Here's the google translation:
"Time or never
Gilles Boivin Le Soleil
(Québec)
We already knew that Quebec and Newfoundland did not speak the same language. Since the announcement of an agreement for the transport of electricity in Newfoundland on the Quebecois, it is reasonable to ask if they speak the same things.

At first glance, there would be any place to celebrate the beginning of collaboration between two provinces with hydro litigation will rebound to rebound in recent decades. But reading is different in the two protagonists songeur leaves. The premier of Newfoundland, Danny Williams, saw its first breakthrough into the U.S. market. The Quebec Minister of Natural Resources, Claude Béchard sees rather a recognition of the need for agreement with Quebec for the transport of electricity to this lucrative market.

The least we can say is that trust is a tragically absent from negotiations between the two provinces. It includes an agreement to work jointly harness the rivers of Lower Churchill has been short-lived, some years ago. Watching things and each of its end of the telescope, we lose sight of the goal.

At the point where now Newfoundland (and Ottawa!) Dream of a highway east-west power in Canada with transit to the United States. Québec is hard as iron to be within its territory, the sole owner and project manager for the highway ... . pay. No way to let Ottawa "put your nose in the construction of transmission lines" among us, slice, with reason, Premier Jean Charest.

And for good reason! Behind this apparently theoretical debate, if not constitutional, is looming in effect the sale of green power on the lucrative markets as Ontario and American. Faced with billions of dollars at stake, early agreement announced earlier this week does not compute. Just 40 to $ 80 million for Newfoundland and twenty million dollars for Hydro-Quebec. But it could still lay the groundwork for a broader agreement between the two provinces.

An exciting prospect for Ontario, which relies on the energy of a future development of mega terreneuvien Lower Churchill to get rid of its coal. And Newfoundland also has need of a market for this ambitious project. At the point where she is studying the feasibility of a submarine link to bypass the province and its precious megawatts sell directly to the U.S. market.

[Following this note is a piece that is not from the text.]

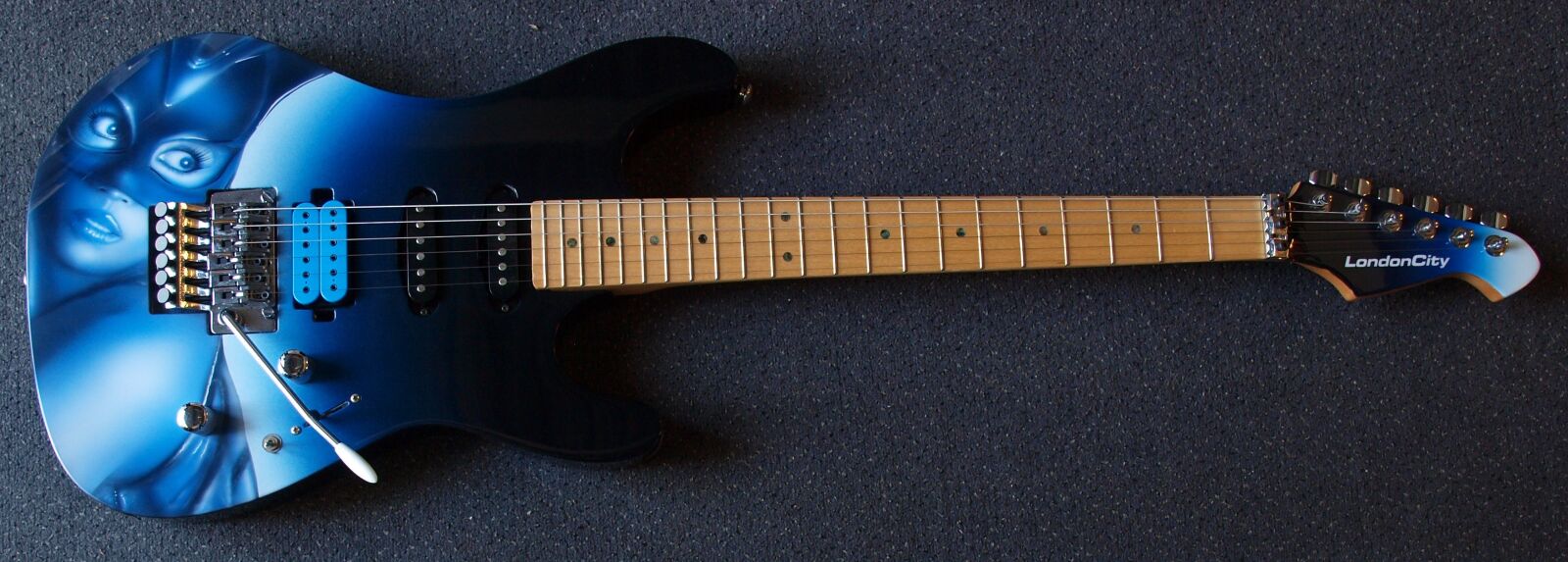 Olympus E-520 (EVOLT E-520) sample photo. Guitar, london city catwoman photography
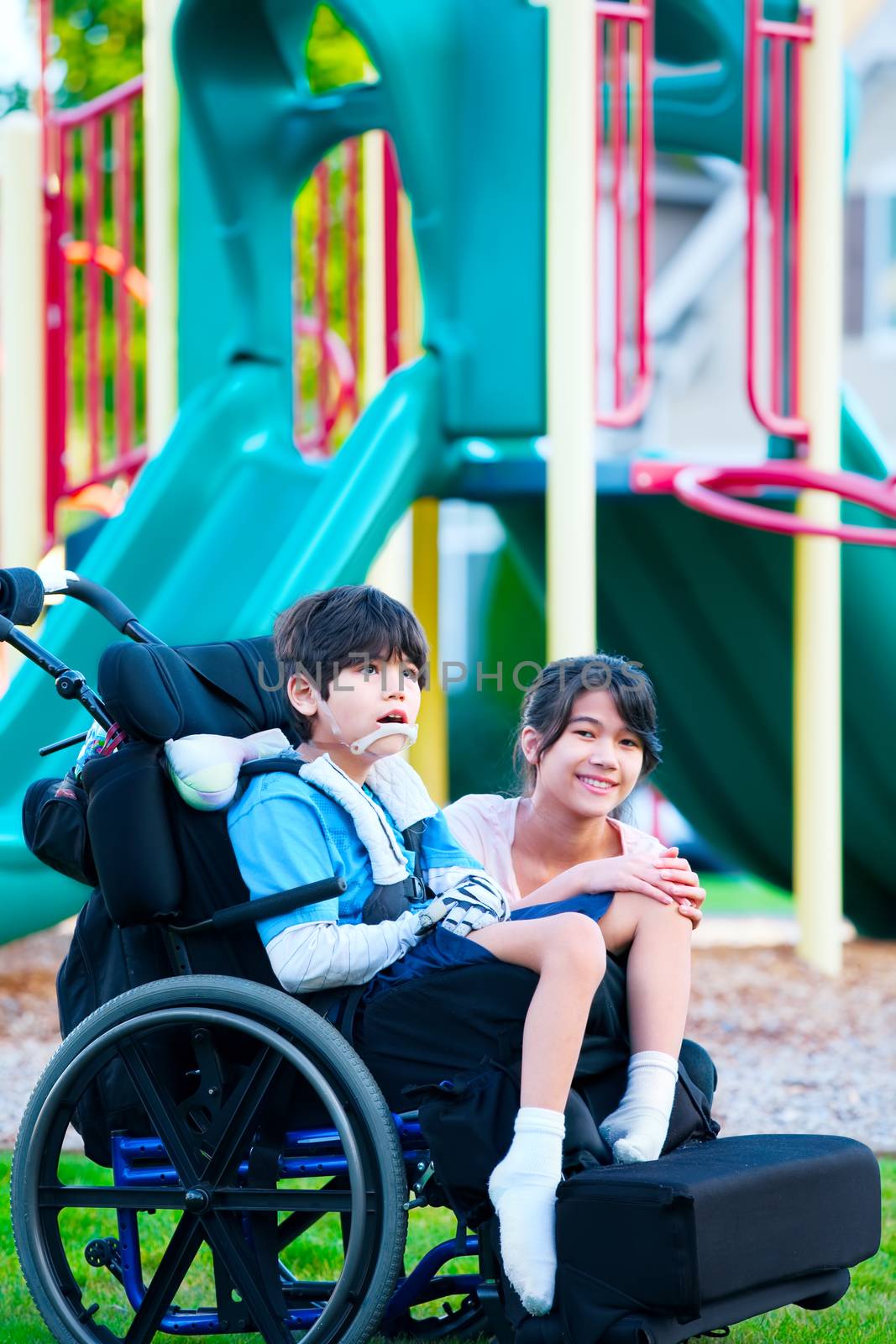 Sister sitting next to disabled brother in wheelchair at playground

But petrodollars helping the island province will probably be the means to do so. Especially since technically it has already been done in Europe, between Sweden and the Netherlands. Moreover, one of the companies associated with the Lower Churchill, the Norwegian Statnett, has expertise in this area.

This comes on the table for Quebec when it comes to run the La Romaine project, a hydroelectric plant with a capacity of 1550 megawatts. These are more than 2800 MW project that the Lower Churchill put on the market almost simultaneously. And Newfoundland has already indicated it does not remove the nose on a "support" a few billion federal dollars.

To the chagrin of Quebec alone has developed and continues to do so, its hydropower. Before ending up before the fact, Quebec and Hydro-Quebec would certainly benefit to undertake serious negotiations with neighboring Newfoundland. Unless it is already too late and that he refuses ... Face it, the speaker of Quebec is no longer small and powerless poor province that has signed in the late 60s, a way that has benefited 19 times less than Hydro-Québec."